June 29 dawns with near-perfect weather. Great news as the notoriously fickle weather in the Eifel region of Germany rarely misses an opportunity to throw a spanner in the works. We need to be up and out early as the team wants to make the most of favourable track temperatures before the asphalt soaks up the heat of the day. We’ve been advised there will be an installation lap at 8am, followed by a maximum of three attempts on the record, so we head to the T13 paddock nice and early to see the car being prepped.
Once the small paddock clears of marshals’ cars as they head out to take their places around the 12.9-mile circuit, all that’s left is a Porsche Motorsport truck and trailer and a large rigid framed tent, within which is the 919 Evo and a small bank of data screens. There’s also a stack of Michelin slicks – of bespoke construction and compounds just for the ’Ring record runs – already toasting beneath their warming blankets and stacked in sets, one for each run.
The dilemma facing us is where to go next. The circuit is so big and the car so fast there’s no chance of heading out to find a trackside vantage point from which to see it flash by on a record run and then get back to the paddock before it crosses the timing beam, but to come all this way and not see the 919 Evo out on track seems crazy. In the end we jump in our car and head for Pflanzgarten 1 to see Bernhard on his installation lap. The clatter and slap of rotor blades heralds his approach as the chase helicopter pursues the 919 up the hill from Bergwerk to the Karussell, then on to Höhe Acht – the highest point on the lap – before jinking through the Wipperman and Brünnchen sections away behind the trees to our right.
Then, in a flash the 919 Evo is upon us, bursting into view as it spears down the incline towards the Pflanzgarten jump. Though clearly not in maximum attack mode, it’s a mighty impressive spectacle, the sharp rasp of the 2.0-litre (700-plus bhp!) V4 petrol engine overlaid by the whine of the 440bhp MGU and a thwack as 850kgs of car punches a hole in the cool morning air.
Bernhard gets in the zone
Mark Riccioni / Porsche
Back at T13 there’s an ordered hubbub around the car as the team goes through its checks, swaps to a fresh set of tyres. Bernhard hops out and heads into the truck for a debrief, then reappears 20 minutes or so later and jumps into the car for his first attempt. There’s no opportunity for an out lap, so he heads the ‘wrong’ way out of T13 and onto the Döttinger Höhe straight, weaving to get some heat into the tyres before turning around and blasting back towards the start.

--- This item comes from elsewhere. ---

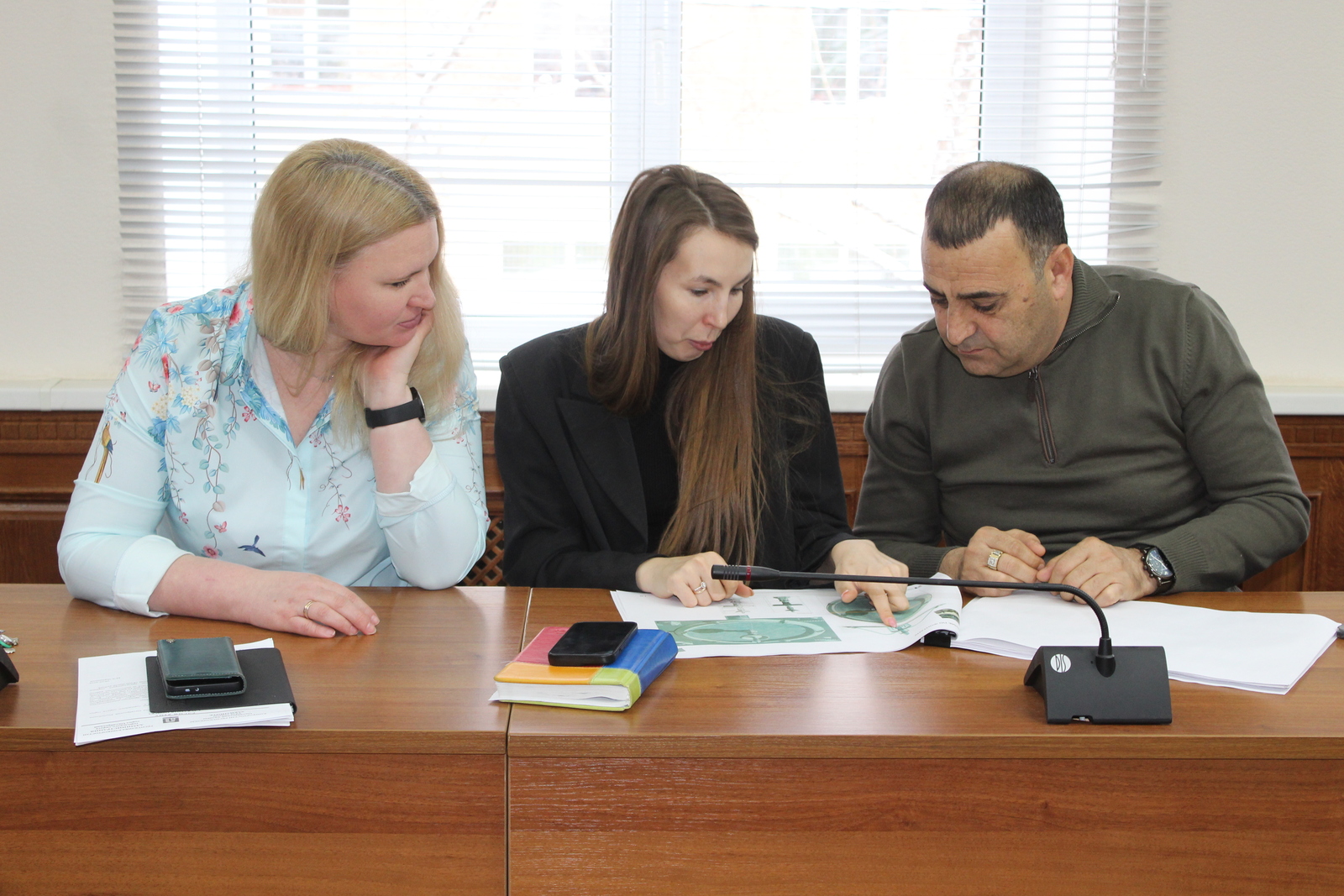 Октябрьский: мирасны саклап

This is pressure with a capital P. Yes, he’s spent hours in the Porsche Motorsport simulator, but as Bernhard explained the previous evening, the Nordschleife isn’t somewhere you can apply everything you do on a virtual lap. The bumps, the kerbs, the proximity to the barriers and the blinding speed of the place mean he’s driving very much on feel and instinct rather than by sim-honed rote.
In an explosion of noise and energy Bernhard and the 919 Evo smash by the T13 paddock and plunge down the Hatzenbach. Ahead of him one of the most fearsome sections of the lap – the shimmy up and over Flugplatz and the flat-out charge towards Schwedenkreuz and the ludicrously daunting plunge into the Foxhole.
While Bernhard fights in the eye of the storm his efforts are played out on the bank of computer screens back at base camp. Scanned by expert eyes, his inputs appear as real-time data traces, the peaks and troughs plotting a lap of unimaginable speed. He’s in radio contact with the team, but unsurprisingly the airwaves remain rather silent while he’s on the lap.
Bernhard said he struggled to process how fast he was going in the no-holds-barred Porsche
Mark Riccioni / Porsche
When he crosses the line to complete his first proper run there are knowing smiles from the team. They’ve broken the record with a 5min 31sec lap, but there’s also a sense they know there’s plenty more to come. Stephen Mitas, chief engineer for the 919 Evo confirms as much, nodding at the screens as he says “That’s already pretty tasty. And he’s not even warmed up yet…”
The team falls back into the now-familiar routine of prepping the car while Bernhard is debriefed. There’s an added sense of focus now, with much attention on the suspension. I see mechanics calmly changing a rear damper unit as one of the many precautions taken to ensure the car is as fresh and safe as it can be. Mitas confirms the stresses exerted on the car are far in excess of anything seen in the WEC, so they can’t be too careful.
After his second lap – a 5min 24.375sec – there’s a whisper he might not go again, but then Bernhard strides out of the truck and climbs in once more. Does he need to?